Por tanto, si de soñar se trata, mi museo no tendría a chinos haciendo cola porque un autobús los lleva de un sitio a otro como el que lleva muebles a un almacén (por favor que nadie me acuse a partir de ahora de machismo, homofobia, xenófoba o racismo porque creo que sería ridículo), ni guías repitiendo como papagayos, ni tan siquiera notas a pie de página. A mí me encanta pasear por aquellas estatuas y cuadros y demás objetos, como quien lo hace por las nubes, por esa ilusión a la que me invitas tú mismo Rodo, con esta preciosa pregunta y divagar, al mismo tiempo, sobre cómo, porqué y dónde, sin nada ni nadie que te informe o te aleje de esa simbiosis obra-observador (Odio los libros Cátedra que están plagados de acotaciones y soy como aquel estudioso de la arquitectura que pensaba que lo interesante era el deterioro de la piedra porque era lo que, de alguna manera, había arrastrado la carga, la poesía de los años). Por tanto, nada de parques temáticos del arte. Porque, fundamentalmente, lo único que me interesa, en ese respecto, es la esencia, esencia que creo, se ha perdido desde la mal llamada “democratización cultural” de finales de siglo. Y para ilustrar un poco mejor mi pensamiento, un breve fragmento de mi novela “WHYSKY, PUÑALES Y ROSAS”, espero que lo disfruten.


“-La cara de Chaplin al final de Luces de la ciudad es un mapa de sentimientos-me dijiste mientras te comías una manzana. Después de aquella mordida, la dejaste en un plato encima de la mesilla, te limpiaste las manos en el pantalón y me miraste fijamente, sonriéndome con una especie de ternura, inocencia y picardía.

Te habría besado otra vez, pero no me diste la oportunidad de hacerlo, te levantaste antes de llegar a tu boca y alejándote unos pasos, seguiste rememorando tu poesía. Caí en la almohada, y tumbado, admiré tu cuerpo, que bailaba al compás de tus propios versos.

-También lo es la de Betty Davis en la playa como una niña-fuiste hacia mí y te sentaste en mis rodillas, rodeándome con tus brazos. Al hacerlo, me encendiste aún más. La siguiente frase me la susurraste al oído-Eso es sueño, eso es vida, eso es cine.
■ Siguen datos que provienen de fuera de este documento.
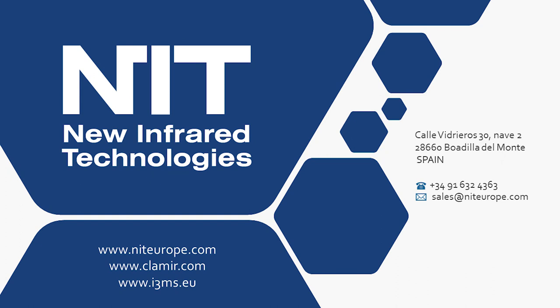With this slide I finish the introduction to our company and products. In case you have any enquiry or question, you can contact us at sales@niteurope.com. Thank you very much for your attention.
En ese momento te encontraste con mis labios, y fuiste tú la que humedeció los suyos con mi saliva. Después te apartaste, te llevaste el dedo anular a su comisura y clavaste tus ojos en los míos, volviendo a sonreír. Me abriste la camisa con fuerza, arrancando los botones. Te quité la tuya con las mismas ganas y te quedaste en sujetador. Nos miramos frente a frente, y tras unos segundos, nos lanzamos a una lucha de caricias y besos (…)


En definitiva, mi museo es una utopía, no existe, no va a existir y quizás ni siquiera quiero que exista. Porque mientras tengamos estas cenizas, que dicen que el fuego purifica, ¿para qué fundirnos en más llamas que al final puedan quemarnos y muy probablemente, carbonizarnos? ME QUEDO CON LAS CENIZAS, QUE SON ESA NADA QUE ES QUIZÁS MI MODESTO CLUB LITERARIO!!!